[Your task]:
When you reach the line containing "Discover Retro Mickey" in the records below, start copying exactly, and stop once you have copied the line containing "Wooden Salad Bowl, Salad".

[The data]:
☆ ☆ ☆ ☆
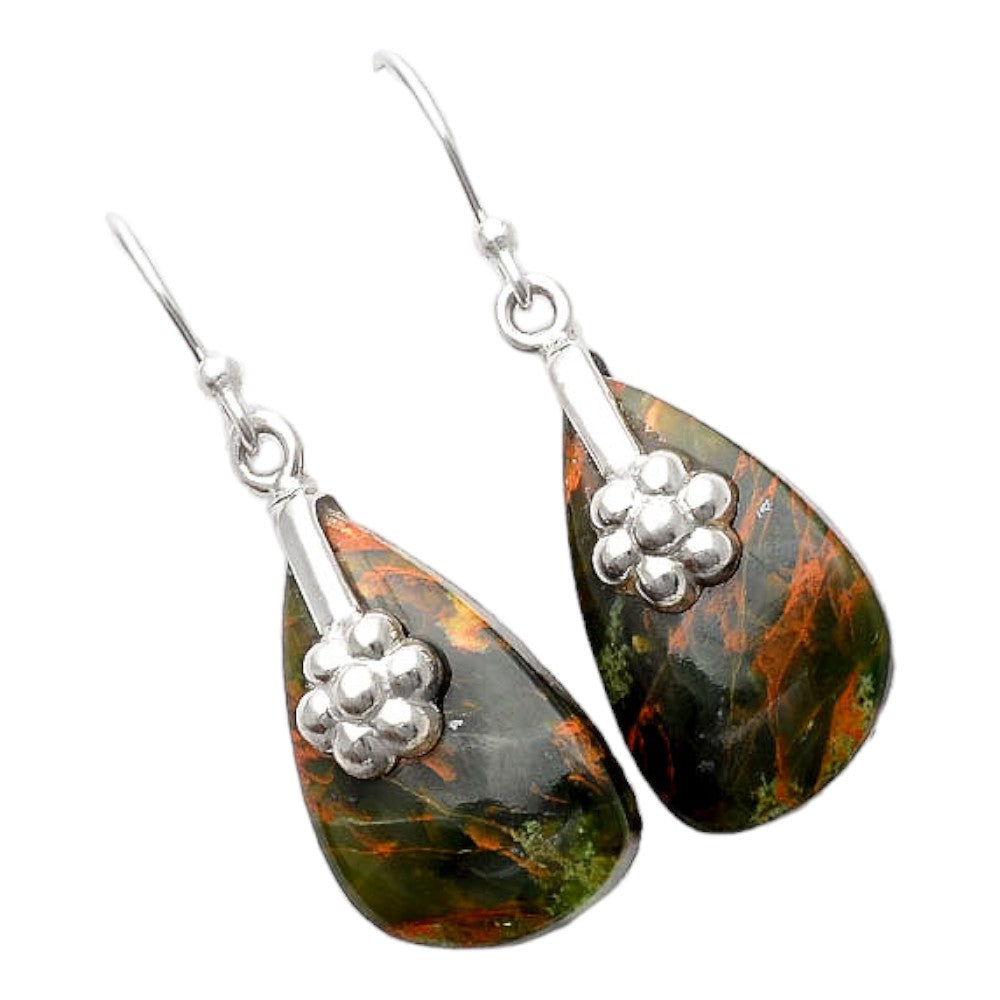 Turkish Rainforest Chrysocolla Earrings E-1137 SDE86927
☆ ☆ ☆ ☆
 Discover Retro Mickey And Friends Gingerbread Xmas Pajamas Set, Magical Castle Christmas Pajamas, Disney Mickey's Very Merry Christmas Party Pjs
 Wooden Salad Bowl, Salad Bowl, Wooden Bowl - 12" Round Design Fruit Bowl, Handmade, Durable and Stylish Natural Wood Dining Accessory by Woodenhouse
☆ ☆ ☆ ☆
[Response to this task]:
 Discover Retro Mickey And Friends Gingerbread Xmas Pajamas Set, Magical Castle Christmas Pajamas, Disney Mickey's Very Merry Christmas Party Pjs
 Wooden Salad Bowl, Salad Bowl, Wooden Bowl - 12" Round Design Fruit Bowl, Handmade, Durable and Stylish Natural Wood Dining Accessory by Woodenhouse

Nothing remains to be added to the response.